Only the lines of the listing below that run from the line with "Men’s Slingback Original" through the line with "womenintalk.no snapshot" are to be set down, word for word. Pictures stay out.

> _EXERCISE DATA_:
------------------------------------------------------------
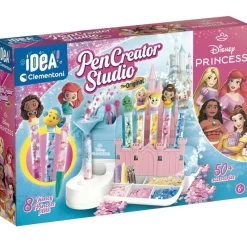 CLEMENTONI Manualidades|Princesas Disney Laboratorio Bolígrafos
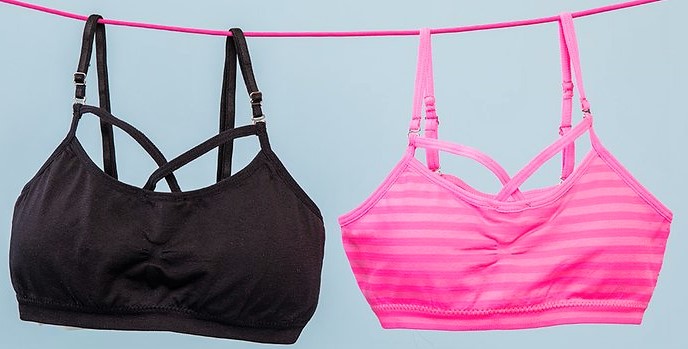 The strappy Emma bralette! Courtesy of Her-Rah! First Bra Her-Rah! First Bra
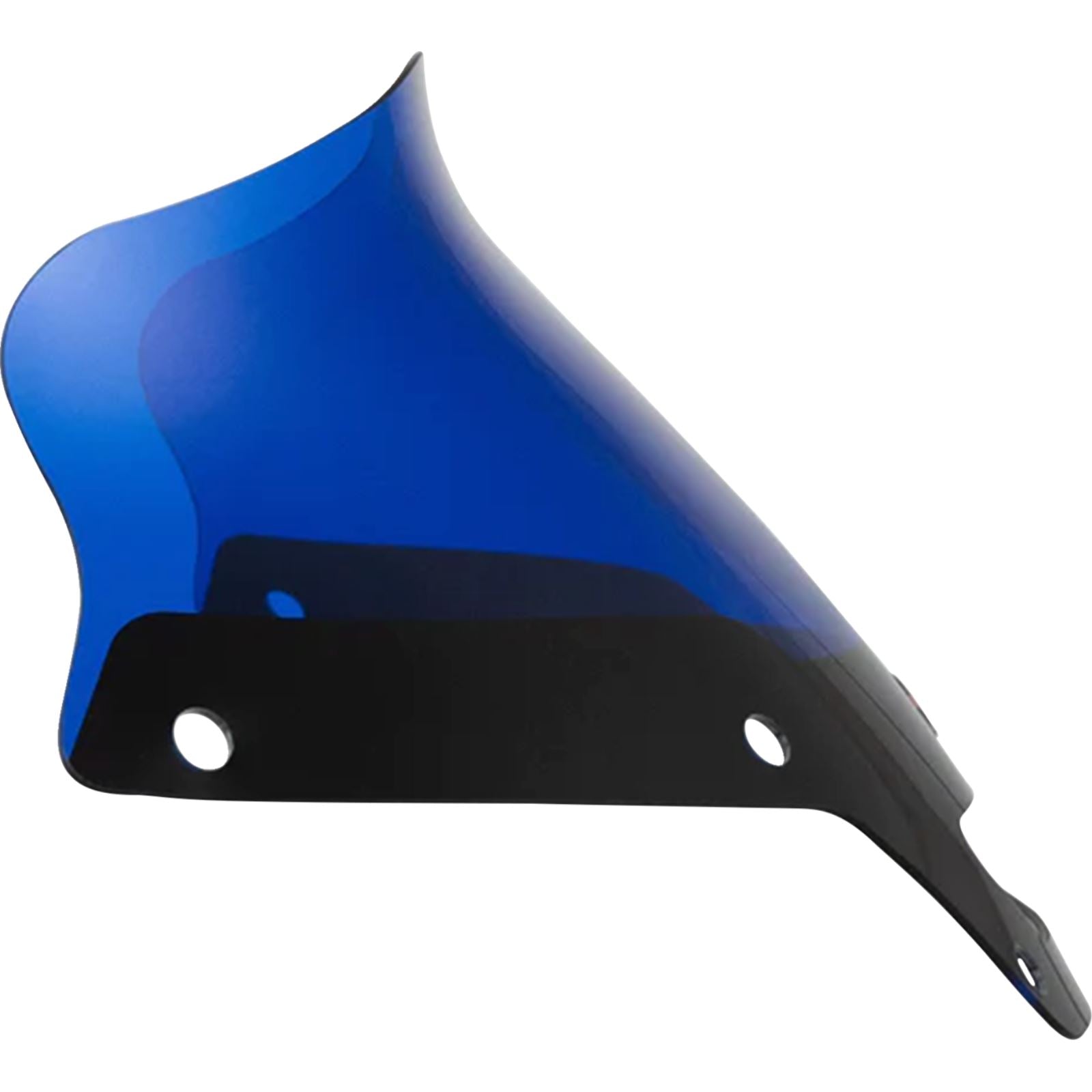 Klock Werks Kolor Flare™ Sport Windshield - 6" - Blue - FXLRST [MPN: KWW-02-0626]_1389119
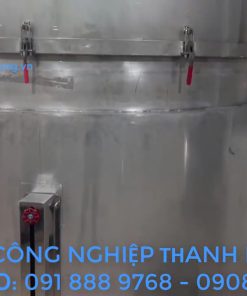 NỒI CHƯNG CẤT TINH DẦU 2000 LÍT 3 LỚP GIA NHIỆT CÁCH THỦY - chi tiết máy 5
------------------------------------------------------------
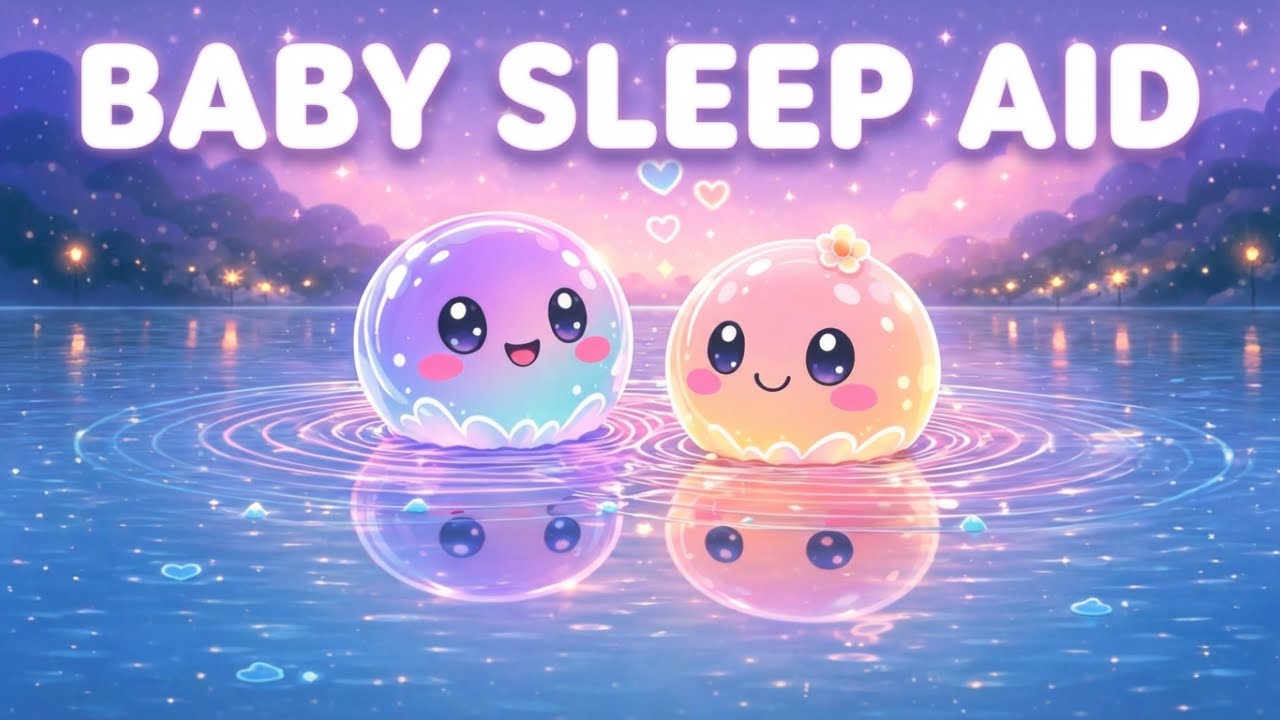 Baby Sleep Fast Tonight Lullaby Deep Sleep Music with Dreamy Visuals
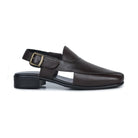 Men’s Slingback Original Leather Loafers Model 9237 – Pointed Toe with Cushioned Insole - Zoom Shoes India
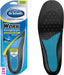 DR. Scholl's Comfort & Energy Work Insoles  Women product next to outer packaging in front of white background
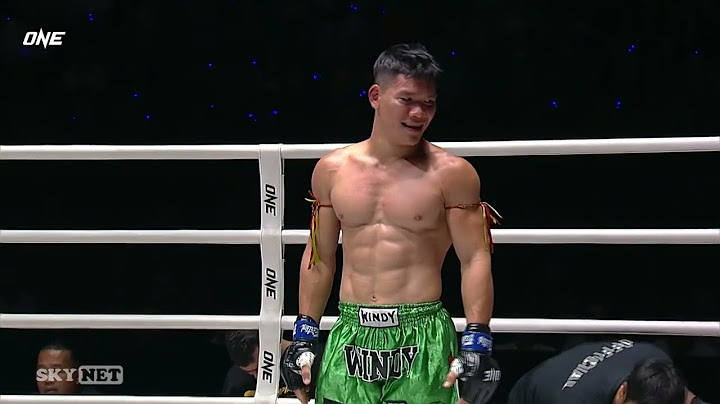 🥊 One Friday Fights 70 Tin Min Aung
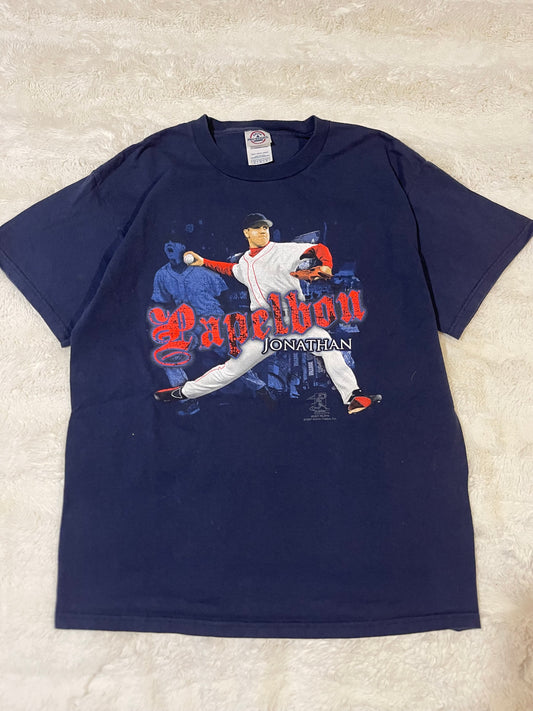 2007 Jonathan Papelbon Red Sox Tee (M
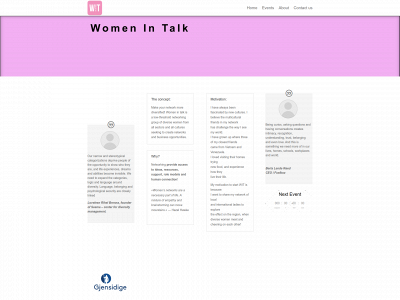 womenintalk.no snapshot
------------------------------------------------------------
> _THE ANSWER_:
 Men’s Slingback Original Leather Loafers Model 9237 – Pointed Toe with Cushioned Insole - Zoom Shoes India
 DR. Scholl's Comfort & Energy Work Insoles  Women product next to outer packaging in front of white background
 🥊 One Friday Fights 70 Tin Min Aung
 2007 Jonathan Papelbon Red Sox Tee (M
 womenintalk.no snapshot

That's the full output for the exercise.